Key Considerations When Developing Avionics for Safety-Critical Systems

This article is from the 2024 Technical Update.

Multiple human spaceflight programs are underway at NASA including Orion, Space Launch System, Gateway, Human Landing System, and EVA and Lunar Surface Mobility programs. Achieving success in these programs requires NASA to collaborate with a variety of commercial partners, including both new spaceflight companies and robotic spaceflight companies pursuing crewed spaceflight for the first time. It is not always clear to these organizations how to show their systems are safe for human spaceflight. This is particularly true for avionics systems, which are responsible for performing some of a crewed spacecraft’s most critical functions.
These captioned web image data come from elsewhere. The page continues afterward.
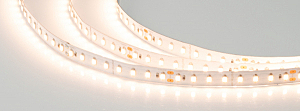 LED лента Arlight SHOP герметичная 028744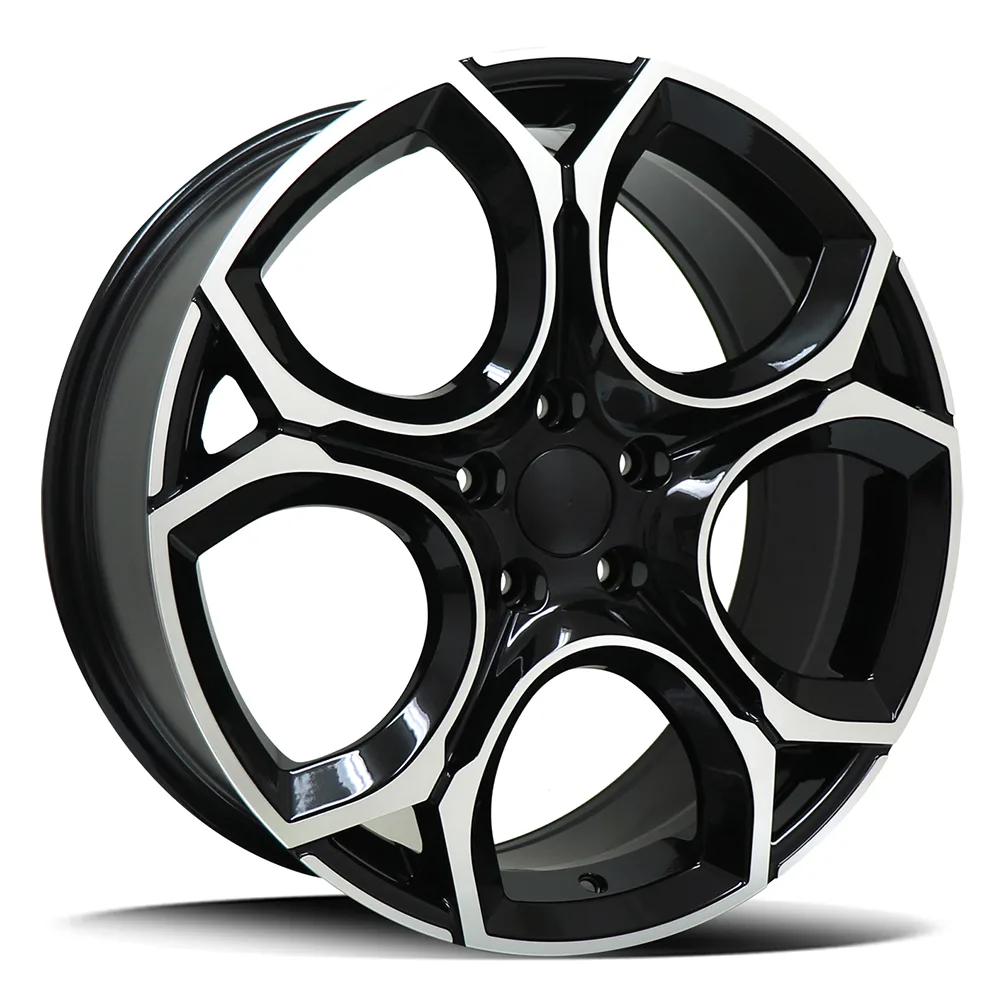 REV6171980511B57 – OE CARBON 6137 | GTI 19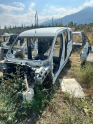 Oto Çıkma Parça / Fiat / Doblo / Kaporta & Karoser / Kasa / Kupa / Çıkma Parça 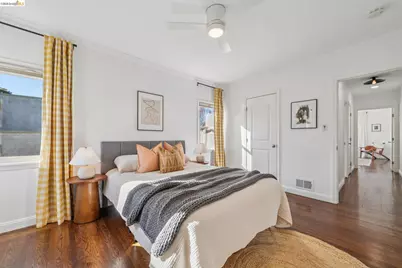 737 Cary Dr, San Leandro, CA 94577 - Photo 29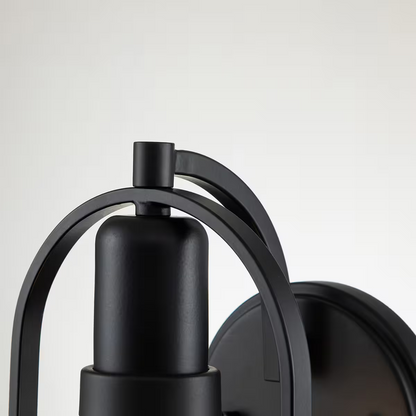 Somerset 1-Light Wall Light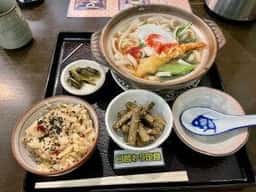 風屋杉原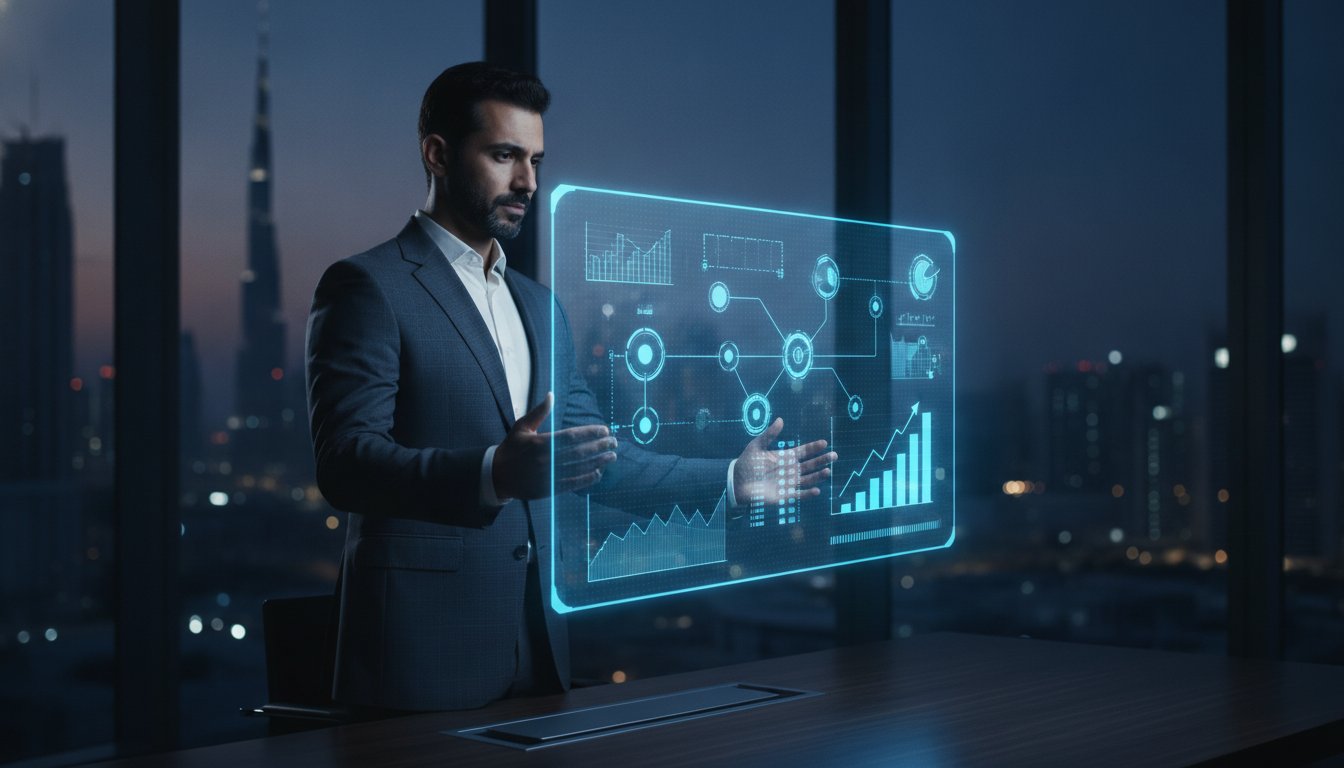 Maximizing ROI: Zoho Implementation Best Practices for Strategic Growth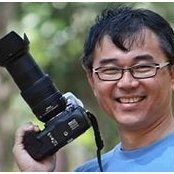 Photo de DetLin Thien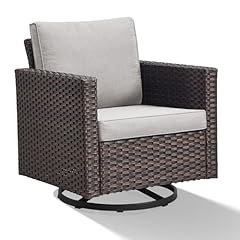 Artfurniz patio chairs for sale  Delivered anywhere in USA 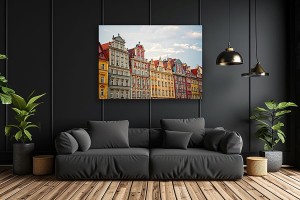 wytwory_wroclaw4_wiz.jpg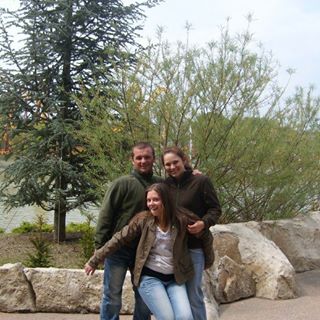 Profile Picture of Rafal Wozniak (@rafal.wozniak.50) on Facebook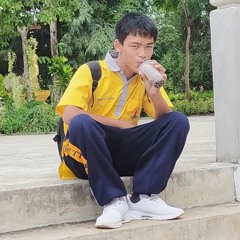 Shi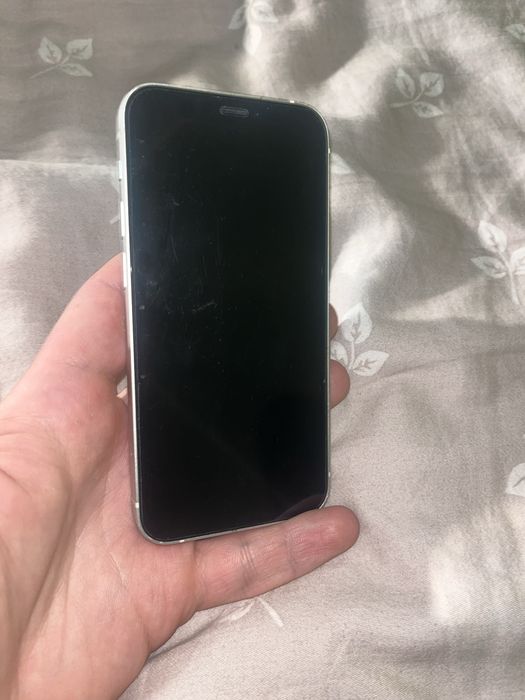 Iphone 12 mini 128 GB
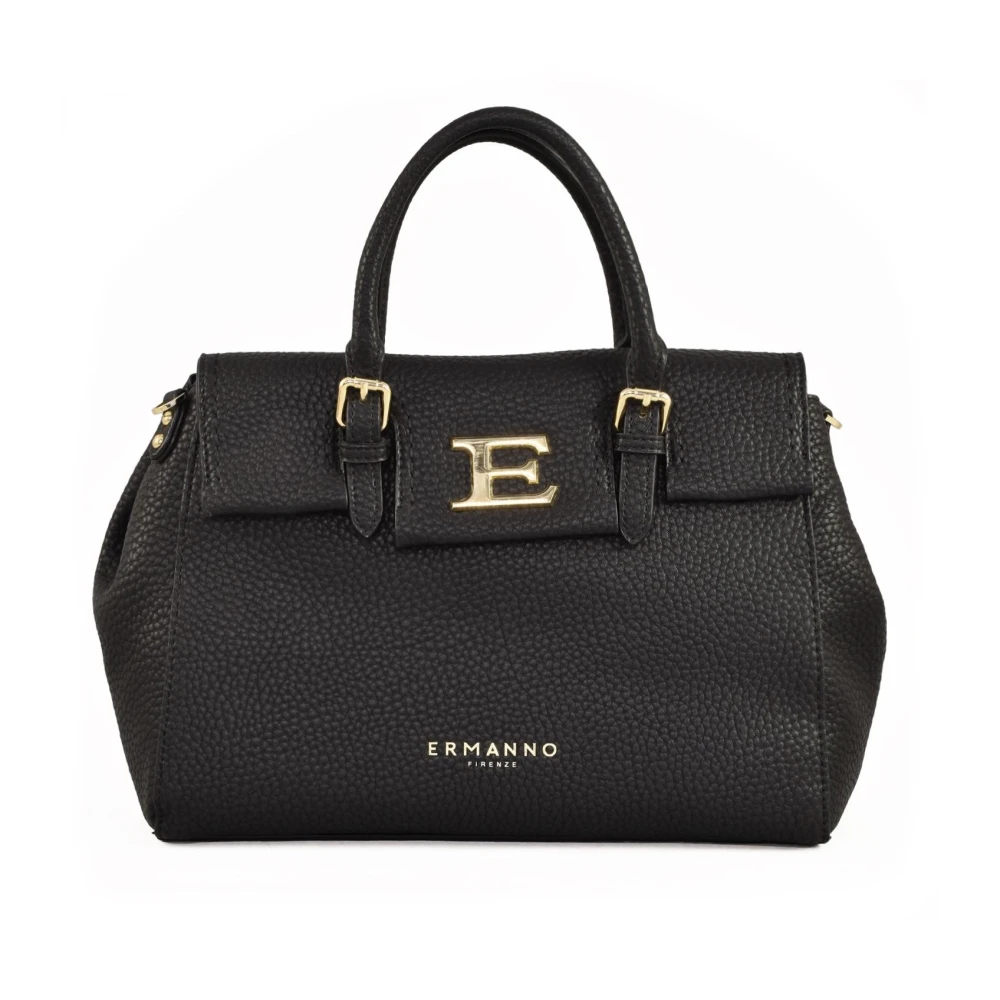 Bags > Handbags - - Ermanno Scervino - Modalova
NASA recently published guidance describing how to show the design of an avionic system meets safety requirements for crewed missions.

Background
The avionics in a crewed spacecraft perform many safety critical functions, including controlling the position and attitude of the spacecraft, activating onboard abort systems, and firing pyrotechnics. The incorrect operation of any of these functions can be catastrophic, causing loss of the crew. NASA’s human rating requirements describe the need for “additional rigor and scrutiny” when designing safety-critical systems beyond that done
for uncrewed spacecraft [2]. Unfortunately, it is not always clear how to interpret this guidance and show an avionics architecture is sufficiently safe. To address this problem, NASA recently published NASA/TM−20240009366 [1]. It outlines best practices for designing safety-critical avionics, as well as describes key artifacts or evidence NASA needs to assess the safety of an avionics architecture.

Failure Hypothesis
One of the most important steps to designing an avionics architecture for crewed spacecraft is specification of the failure hypothesis (FH). In short, the FH summarizes any assumptions the designers make about the type, number, and persistence of component failures (e.g., of onboard computers, network switches). It divides the space of all possible failures into two parts – failures the system is designed to tolerate and failures it is not.

One key part of the FH is a description of failure modes the system can tolerate – i.e., the behavior exhibited by a failed component. Failure modes are categorized using a failure model. A typical failure model for avionics splits failures into two broad categories:

Value failures, where data produced by a component is missing (i.e., an omissive failure) or incorrect (i.e., a transmissive failure).
Timing failures, where data is produced by a component at the wrong time.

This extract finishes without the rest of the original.